A Recursion(shudder!!!) Problem!!!!
Author
Hi,
I am new to programming in C++ and have run into a program I can not code:
User inputs a number x
the number is written from x down to zero
the number is written from zero up to x
these 2 lines are written x times.
The thing holding me back is that I cant code a function to write from x to zero and zero to x. Any help would be SUPER appreciated as this is making my stay up late and my head hurt, and I cant go on in my studies cause I''m always thinking of how to solve it. ANY HELP APPRECIATED!!!
Sincerely
Me.
Hi,
I am new to programming in C++ and have run into a program I can not code:
User inputs a number x
the number is written from x down to zero
the number is written from zero up to x
these 2 lines are written x times.
The thing holding me back is that I cant code a function to write from x to zero and zero to x. Any help would be SUPER appreciated as this is making my stay up late and my head hurt, and I cant go on in my studies cause I''m always thinking of how to solve it. ANY HELP APPRECIATED!!!
ok, say x is 3
1: 3 to 0 - 3,2,1,0
2: 0 to 3 - 0,1,2,3
all of that 4 times (0,1,2,3 - 4 total numbers)
so,
u go:
for (int t=0;t<=x;t++) // x times those lines
{
for (int y=x;y<=0;y--)
{
textout (y); // from x to 0 if x>0
}
for (int z=0;z<=x;z++)
{
textout(z); // from 0 to x
}
}
" Do we need us? "
void Count(int x)
{
int i;
for(i = x; i >= 0; i--)
cout << i;
for(i = 0; i <= x; i++)
cout << i;
}
GOOD LORD PEOPLE!
{
int i;
for(i = x; i >= 0; i--)
cout << i;
for(i = 0; i <= x; i++)
cout << i;
}
GOOD LORD PEOPLE!
if you really wanted a recursive solutionthat could do both, you could do something like:
#define UP +1
#define DOWN -1
void Count(int start, int finish, int updown)
{
printf("%d\n",start);
if(start==finish)
return;
Count(start+updown,finish,updown);
return;
}
Then to use it, you can do something like this
void main( int argc, char *argv[] )
{
int x = 0;
scanf("%d",x);
Count(x,0,DOWN);
Count(0,x,UP);
return;
}
#define UP +1
#define DOWN -1
void Count(int start, int finish, int updown)
{
printf("%d\n",start);
if(start==finish)
return;
Count(start+updown,finish,updown);
return;
}
Then to use it, you can do something like this
void main( int argc, char *argv[] )
{
int x = 0;
scanf("%d",x);
Count(x,0,DOWN);
Count(0,x,UP);
return;
}
Okay if the original poster is still checking this for updates he''ll notice very different and very similar answers to his problem. The thing is no one has pointed out why they are different and similar at the same time and this will no doubt frustrate the original poster.

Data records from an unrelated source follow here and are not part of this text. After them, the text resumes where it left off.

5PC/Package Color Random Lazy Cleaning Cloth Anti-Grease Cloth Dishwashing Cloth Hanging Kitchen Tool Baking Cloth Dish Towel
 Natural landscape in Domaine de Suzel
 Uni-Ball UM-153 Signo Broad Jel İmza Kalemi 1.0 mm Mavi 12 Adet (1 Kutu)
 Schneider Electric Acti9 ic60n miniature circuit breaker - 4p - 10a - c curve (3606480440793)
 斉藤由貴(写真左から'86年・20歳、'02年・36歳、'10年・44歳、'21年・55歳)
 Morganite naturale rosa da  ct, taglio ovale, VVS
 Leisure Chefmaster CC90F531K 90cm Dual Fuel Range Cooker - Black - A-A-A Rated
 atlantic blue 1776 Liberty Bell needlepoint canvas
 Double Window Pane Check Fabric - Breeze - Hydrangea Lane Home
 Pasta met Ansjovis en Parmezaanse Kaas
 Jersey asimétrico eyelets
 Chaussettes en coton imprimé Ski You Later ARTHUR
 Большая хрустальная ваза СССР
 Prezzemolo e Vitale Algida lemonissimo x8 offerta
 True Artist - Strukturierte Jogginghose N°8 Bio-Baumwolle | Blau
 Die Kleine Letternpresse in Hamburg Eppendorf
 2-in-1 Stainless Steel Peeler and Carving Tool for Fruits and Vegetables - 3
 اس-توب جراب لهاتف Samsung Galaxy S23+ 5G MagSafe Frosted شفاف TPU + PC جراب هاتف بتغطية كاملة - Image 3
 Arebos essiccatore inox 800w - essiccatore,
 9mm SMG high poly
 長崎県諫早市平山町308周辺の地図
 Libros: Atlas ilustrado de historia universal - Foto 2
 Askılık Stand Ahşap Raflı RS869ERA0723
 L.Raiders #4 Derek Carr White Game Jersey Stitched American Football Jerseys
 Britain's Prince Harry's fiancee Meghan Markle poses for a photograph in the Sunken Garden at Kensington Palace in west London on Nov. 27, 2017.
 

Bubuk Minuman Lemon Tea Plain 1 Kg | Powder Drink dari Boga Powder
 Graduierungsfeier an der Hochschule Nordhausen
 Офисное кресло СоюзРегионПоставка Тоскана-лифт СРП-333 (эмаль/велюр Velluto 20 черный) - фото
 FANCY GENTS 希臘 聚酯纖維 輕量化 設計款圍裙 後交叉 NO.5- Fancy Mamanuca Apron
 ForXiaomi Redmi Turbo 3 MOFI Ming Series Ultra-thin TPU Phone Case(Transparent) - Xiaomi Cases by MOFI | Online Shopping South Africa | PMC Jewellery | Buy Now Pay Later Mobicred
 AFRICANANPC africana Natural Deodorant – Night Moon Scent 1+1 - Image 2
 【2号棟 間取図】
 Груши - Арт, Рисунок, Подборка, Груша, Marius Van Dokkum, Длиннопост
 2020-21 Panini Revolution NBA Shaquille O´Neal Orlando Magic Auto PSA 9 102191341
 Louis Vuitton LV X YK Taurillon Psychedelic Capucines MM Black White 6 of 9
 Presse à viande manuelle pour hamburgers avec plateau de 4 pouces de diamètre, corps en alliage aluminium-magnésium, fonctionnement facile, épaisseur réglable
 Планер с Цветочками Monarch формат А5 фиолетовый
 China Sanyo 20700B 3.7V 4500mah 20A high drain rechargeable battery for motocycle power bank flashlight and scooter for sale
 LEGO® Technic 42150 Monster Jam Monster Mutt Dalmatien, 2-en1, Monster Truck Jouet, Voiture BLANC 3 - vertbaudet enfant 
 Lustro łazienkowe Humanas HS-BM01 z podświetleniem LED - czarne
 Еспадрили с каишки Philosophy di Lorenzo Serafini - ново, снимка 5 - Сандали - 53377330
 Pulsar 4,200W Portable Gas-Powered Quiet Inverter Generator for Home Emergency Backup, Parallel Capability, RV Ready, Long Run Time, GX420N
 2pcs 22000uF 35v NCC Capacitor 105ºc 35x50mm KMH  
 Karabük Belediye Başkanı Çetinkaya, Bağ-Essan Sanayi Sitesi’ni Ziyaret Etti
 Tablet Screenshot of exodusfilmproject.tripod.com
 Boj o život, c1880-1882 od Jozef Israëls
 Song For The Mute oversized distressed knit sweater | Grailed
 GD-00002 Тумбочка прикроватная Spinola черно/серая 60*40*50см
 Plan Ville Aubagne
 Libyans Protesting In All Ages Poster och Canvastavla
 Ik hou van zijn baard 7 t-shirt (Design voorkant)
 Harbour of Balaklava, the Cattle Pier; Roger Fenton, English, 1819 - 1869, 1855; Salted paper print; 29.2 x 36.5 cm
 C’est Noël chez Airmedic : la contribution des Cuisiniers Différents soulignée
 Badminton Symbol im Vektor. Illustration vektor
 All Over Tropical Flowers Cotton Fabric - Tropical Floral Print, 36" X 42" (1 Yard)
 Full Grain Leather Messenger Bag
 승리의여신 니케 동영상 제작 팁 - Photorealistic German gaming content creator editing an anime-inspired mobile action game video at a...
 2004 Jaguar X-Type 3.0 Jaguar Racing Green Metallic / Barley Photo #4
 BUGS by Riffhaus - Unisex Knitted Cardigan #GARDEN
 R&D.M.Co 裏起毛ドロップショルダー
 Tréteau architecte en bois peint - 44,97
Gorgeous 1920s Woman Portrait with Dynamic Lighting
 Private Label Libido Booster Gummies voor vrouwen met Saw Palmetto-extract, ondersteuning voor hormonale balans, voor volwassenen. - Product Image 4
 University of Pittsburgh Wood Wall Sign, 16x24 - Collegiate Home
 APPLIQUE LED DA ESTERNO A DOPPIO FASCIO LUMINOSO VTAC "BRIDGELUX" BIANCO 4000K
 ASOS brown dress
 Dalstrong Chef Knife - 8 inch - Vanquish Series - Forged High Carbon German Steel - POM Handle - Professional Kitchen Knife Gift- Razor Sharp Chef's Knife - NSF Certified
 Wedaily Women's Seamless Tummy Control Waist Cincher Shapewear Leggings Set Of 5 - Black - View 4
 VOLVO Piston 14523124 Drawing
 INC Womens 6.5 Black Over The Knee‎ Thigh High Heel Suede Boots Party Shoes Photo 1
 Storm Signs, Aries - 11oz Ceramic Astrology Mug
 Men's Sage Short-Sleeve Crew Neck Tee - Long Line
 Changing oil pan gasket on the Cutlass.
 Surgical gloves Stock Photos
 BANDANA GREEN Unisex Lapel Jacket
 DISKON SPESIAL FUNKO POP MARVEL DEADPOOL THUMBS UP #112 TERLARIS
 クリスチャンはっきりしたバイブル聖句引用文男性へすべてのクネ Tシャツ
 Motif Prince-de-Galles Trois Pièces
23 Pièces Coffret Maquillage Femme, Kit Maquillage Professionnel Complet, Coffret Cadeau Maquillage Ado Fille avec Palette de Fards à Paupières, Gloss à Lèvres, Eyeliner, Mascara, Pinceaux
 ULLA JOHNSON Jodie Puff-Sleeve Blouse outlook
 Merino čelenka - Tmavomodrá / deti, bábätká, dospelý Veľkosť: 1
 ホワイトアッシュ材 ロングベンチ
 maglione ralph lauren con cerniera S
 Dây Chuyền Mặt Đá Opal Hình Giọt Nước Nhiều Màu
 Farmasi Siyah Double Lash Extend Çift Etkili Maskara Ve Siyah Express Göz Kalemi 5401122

The two kinds responses given have either been recursive functions or for/while/do-while loops. The reason why both can be used to generate equally valid answers is any loop can be transformed into a tail-recursive function (I''ll define this in a second.). This can be done since they both repeat their body by either looping (How does a computer do this you think? If your compiler did its job right it does the same for both, it adjusts the PC, but most don''t.) or calling itself [function].
Here is a function that will display all numbers from n to 0 counting down:
void f(int n)
{
cout << n << '' '';
if (n == 0)
{
return;
}
else
{
f(n-1);
}
}
The equivalent method in the form of a loop is:
for (int i = n; i >= 0; i--)
{
cout << i << '' '';
}
The key in understanding the similarity is noting that in the tail-recursive function there is no need for the use of a counting variable since the runtime stack is used to mimick its behavior. The parameter of each successive call to f is decreased by 1 and when it equals 0 the function stops, just as the for loop terminates. It is more common to write the above function as the following though:
void f(int n)
{
if (n == 0)
{
cout << 0 << endl;
}
else
{
cout << n << '' '';
f(n-1);
}
}
With a simple modification the above function can also display the numbers growing from 0 to n:
void f(int n)
{
if (n == 0)
{
cout << 0;
}
else
{
cout << n << '' '';
f(n-1);
cout << '' '' << n;
}
}
If a call to f(4) is made the output will be:
4 3 2 1 0 1 2 3 4
Each number represents a new frame ushed onto or popped off of the stack. If n decreases a frame has been pushed on and if n increases a frame has been popped off. This frame pushing and popping mimicks the concept of "something" changing each time through the loop. An alternative method would be to break f up into two functions; one function which counts down and another that counts up. You may then convert both tail-recursive functions into simple for loops that will be similar to what others posted in reply.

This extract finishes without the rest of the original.